-- To do --
Within the listing below, the lines to output run from the one containing "Mobilis Flip Cover" through the one containing "TWEEZERMAN Yellow Baby"; copy them exactly and nothing else.

-- Data for review --
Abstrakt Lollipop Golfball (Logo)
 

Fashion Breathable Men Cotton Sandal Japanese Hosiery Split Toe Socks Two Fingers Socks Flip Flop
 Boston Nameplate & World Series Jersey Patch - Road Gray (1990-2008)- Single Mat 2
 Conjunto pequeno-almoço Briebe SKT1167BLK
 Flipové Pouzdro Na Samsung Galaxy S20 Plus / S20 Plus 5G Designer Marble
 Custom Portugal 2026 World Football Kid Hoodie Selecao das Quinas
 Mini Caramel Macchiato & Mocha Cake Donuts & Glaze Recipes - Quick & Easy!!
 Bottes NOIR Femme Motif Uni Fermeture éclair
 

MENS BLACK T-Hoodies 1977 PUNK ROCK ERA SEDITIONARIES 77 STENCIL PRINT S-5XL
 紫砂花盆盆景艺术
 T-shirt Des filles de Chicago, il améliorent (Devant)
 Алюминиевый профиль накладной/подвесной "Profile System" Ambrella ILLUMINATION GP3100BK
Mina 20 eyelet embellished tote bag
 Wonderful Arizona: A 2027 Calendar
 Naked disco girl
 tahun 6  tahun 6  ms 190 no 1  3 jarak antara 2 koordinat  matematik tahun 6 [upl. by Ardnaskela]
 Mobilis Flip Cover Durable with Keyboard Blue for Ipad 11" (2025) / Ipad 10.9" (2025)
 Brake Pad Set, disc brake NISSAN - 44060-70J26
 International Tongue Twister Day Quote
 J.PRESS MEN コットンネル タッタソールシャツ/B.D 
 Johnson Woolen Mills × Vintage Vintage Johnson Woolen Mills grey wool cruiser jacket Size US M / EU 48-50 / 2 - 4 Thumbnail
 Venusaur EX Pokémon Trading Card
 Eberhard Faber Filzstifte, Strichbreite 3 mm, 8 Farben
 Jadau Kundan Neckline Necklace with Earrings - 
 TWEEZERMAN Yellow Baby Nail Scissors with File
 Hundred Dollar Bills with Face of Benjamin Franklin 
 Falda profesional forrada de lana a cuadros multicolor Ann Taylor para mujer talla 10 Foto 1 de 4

-- Completed task --
 Mobilis Flip Cover Durable with Keyboard Blue for Ipad 11" (2025) / Ipad 10.9" (2025)
 Brake Pad Set, disc brake NISSAN - 44060-70J26
 International Tongue Twister Day Quote
 J.PRESS MEN コットンネル タッタソールシャツ/B.D 
 Johnson Woolen Mills × Vintage Vintage Johnson Woolen Mills grey wool cruiser jacket Size US M / EU 48-50 / 2 - 4 Thumbnail
 Venusaur EX Pokémon Trading Card
 Eberhard Faber Filzstifte, Strichbreite 3 mm, 8 Farben
 Jadau Kundan Neckline Necklace with Earrings - 
 TWEEZERMAN Yellow Baby Nail Scissors with File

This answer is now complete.